The nature of threat has required the scientific community to step up with explanations and clarifications. And this in itself is complex, involving a demand for comprehensible and reliable information provision tailored suit different demographics: adults with different levels of education, children and young people, elderly people and more.
Most of the scientific interventions, we must admit, have lacked clarity and certainty, being qualified by ‘maybe’ and ‘perhaps’ statements, which have further developed the general mood of fear among in some people or total denial among others.
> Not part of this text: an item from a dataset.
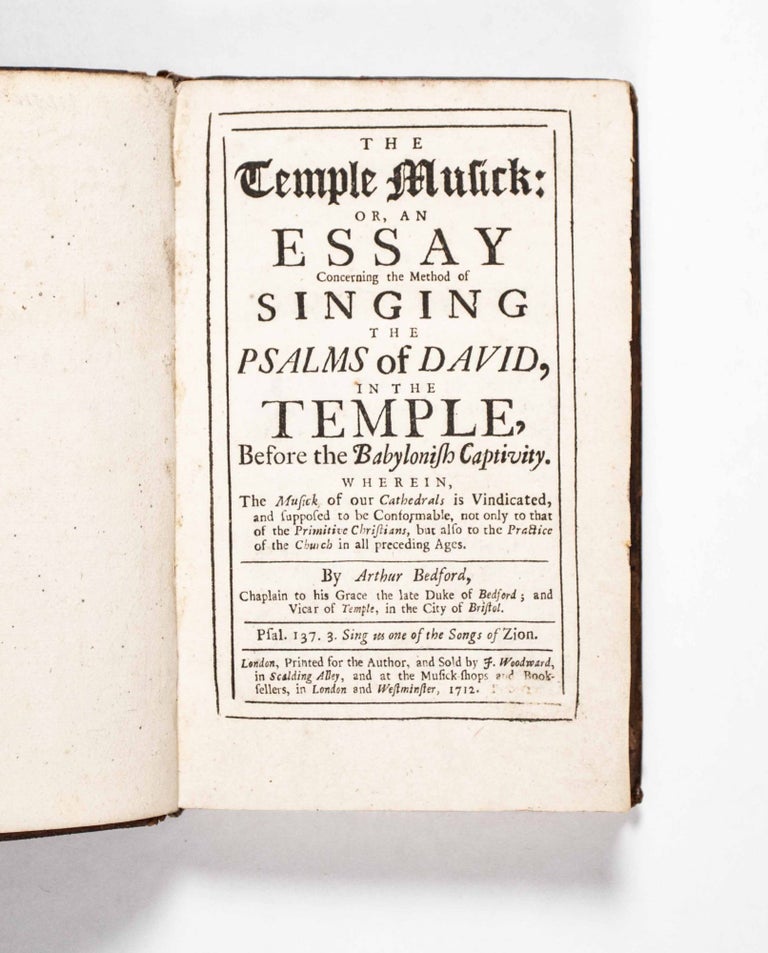 Item #49161 The Temple Musick: or, an Essay Concerning the Method of Singing the Psalms of David, in the Temple, before the Babylonish Captivity. Arthur Bedford.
For most countries, the level of uncertainty has been high and there has been a lack of a real leadership, a leader who takes responsibility and brings all necessary parties together to arrive at a set of clear-cut sharp and comprehensible actions.
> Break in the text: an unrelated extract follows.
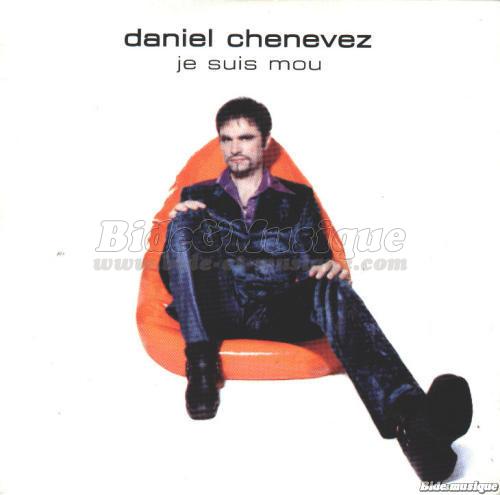Daniel Chenevez - Je suis mou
Meanwhile, scientists and virologists are not decision-makers. They are rarely able to present an actionable management plan with ‘what-to do’ programme at a scale of a region/country or a group of countries. Usually their explanations have not been quantitative, but rather qualitative and cover only nature of virus and, to some extent, outline few concepts along which the response can be constructed. At the same time, most official statements were initially rather optimistic and always relatively short. This again worked, as already suggested above, towards a Catch 22 dilemma, and as a catalysor for fake information from both ‘camps’ – the alarmists and the unconcerned.
If one does not provide enough and clear information in times of crisis, then be ready for alternative information to be created, intentionally or unintentionally, by others and even by the public itself.
In some countries, the first communication about confinement, self-isolation and social distancing was so unclear that many people went on to prepare to profit from a few extra non-working days, assuming that there was no urgency. We might observe such behaviour of ‘neglect’ even after weeks of crisis. As some newspapers say: “People don’t understand…”.
At the same time all affected countries have experienced the domino effect visible at consumer sites (supermarkets, etc), when shelves were emptied by a tornado of buyers. While official and unofficial communications pulled the trigger on this development, it is the mass media that played a crucial role in these developments. While official sites typically reported that the disease was under close watch and control, warning about its fatality levels for the elderly, medical personnel started their own campaigns via social networks, presenting an entirely different picture, including the strong message that this illness affects the whole population, not just the elderly. And then the mass media reported heavily on empty shelves in the shops… encouraging further masses of people to clear the remaining supplies in shops, day after day.
Another cognitive problem comes from the fact that different countries have decided to take different and often opposite measures in regard to the coronavirus. We have seen various national approaches, from slowing down and flattening the curve to preserve the capacity of health systems, versus building collective immunity; we have seen strict and closer controlled confinement and self isolation, to simply maintaining ‘business as usual’.
Such misalignment of approaches reaches even further into other areas, helping to discredit official positions. For example, there has been a range of statements, from ‘everyone should wear masks’, ‘massive shortages of masks for various critical industries’ to ‘masks only for people who are ill’.
In some ways we must come to the reluctant admission that our public structures fall well behind the speed and far reach of social networks, bloggers and conspiracy theorists in communicating during the crisis.
The Catch 22 dilemma is a fuller picture.